Spoilers for the ending of Your Lie in April
Content Warning for discussion of parental abuse, sexism, mental illness, and ableism.
Your Lie in April, while perhaps not the most popular show of the decade, is without a doubt one of the most acclaimed. When it aired, it garnered almost universally positive reviews, and even won awards in Japan. When Crunchyroll published their “Top 100 Anime of the Decade” list, many commenters remarked on what they felt was a glaring omission. It has high ratings on almost all of the major anime databases. Unfortunately, I, the Feminist Killjoy, am here to say that Arima has an Oedipus complex and Kaori is a Manic Pixie Dead Girl.
Your Lie in April tells the story of Arima Kousei, a 14-year-old former pianist who lost his ability to hear his own playing after his abusive mother died.
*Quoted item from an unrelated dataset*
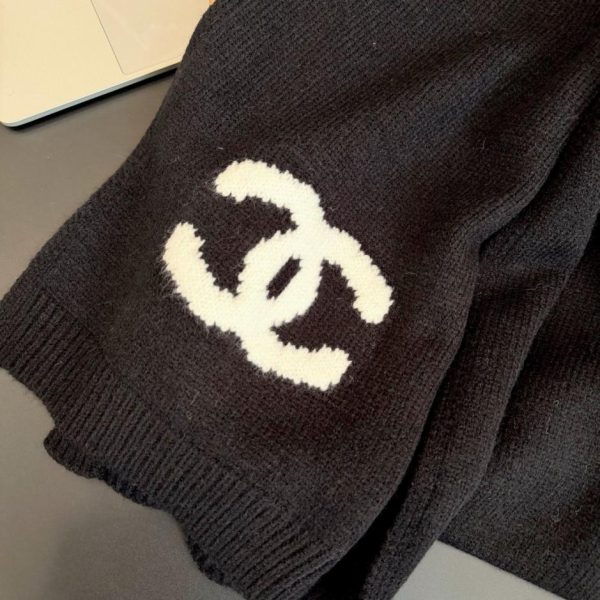 replica,repliche,fake,1:1,earrings,bracelet,ring,jewelry Sciarpa lunga in maglia di cashmere ricamata Chanel autunno/inverno (YU7KB)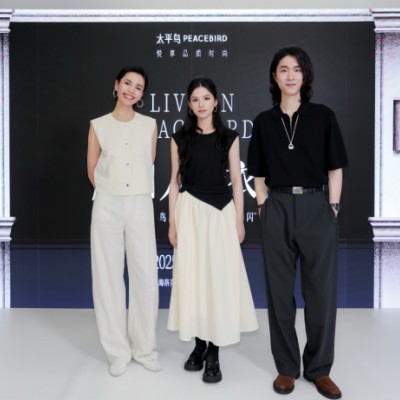 太平鸟2025夏季快闪「Live in PEACEBIRD质启人生衣橱」,点亮上海外滩源 太平鸟2025夏季快闪「Live in PEACEBIRD质启人生衣橱」,点亮上海外滩源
One day, the beautiful and free-spirited violinist Miyazono Kaori comes crashing into his life, insists he become her accompanist, and helps him remember his passion for music. She devotes herself entirely to this task once she becomes unable to play her violin due to illness. As soon as he fully comes back into his own, she dies.
Some of you might be thinking, “Wow, that plot sounds awfully familiar.” You’re probably thinking that because it is the Manic Pixie Dream Girl trope to the letter, in which a beautiful girl comes into a depressed man’s life, teaches him to live again, and then disappears when she reaches the end of her narrative usefulness. While the writer who coined it, Nathan Rabin, regrets the way the term came to be used over time, I find it still can be handy when used as it was originally intended: to point out a certain kind of covert sexism in storytelling that still shows up here and there.
In Manic Pixie Dream Girl narratives, the girl may make some gestures toward internality, but their primary function is a vehicle for the male protagonist’s development, supporting a worldview where men see women only in relation to themselves. Your Lie in April perfectly encapsulates that problem, as Kaori heals Kousei’s mother issues before making a tidy exit.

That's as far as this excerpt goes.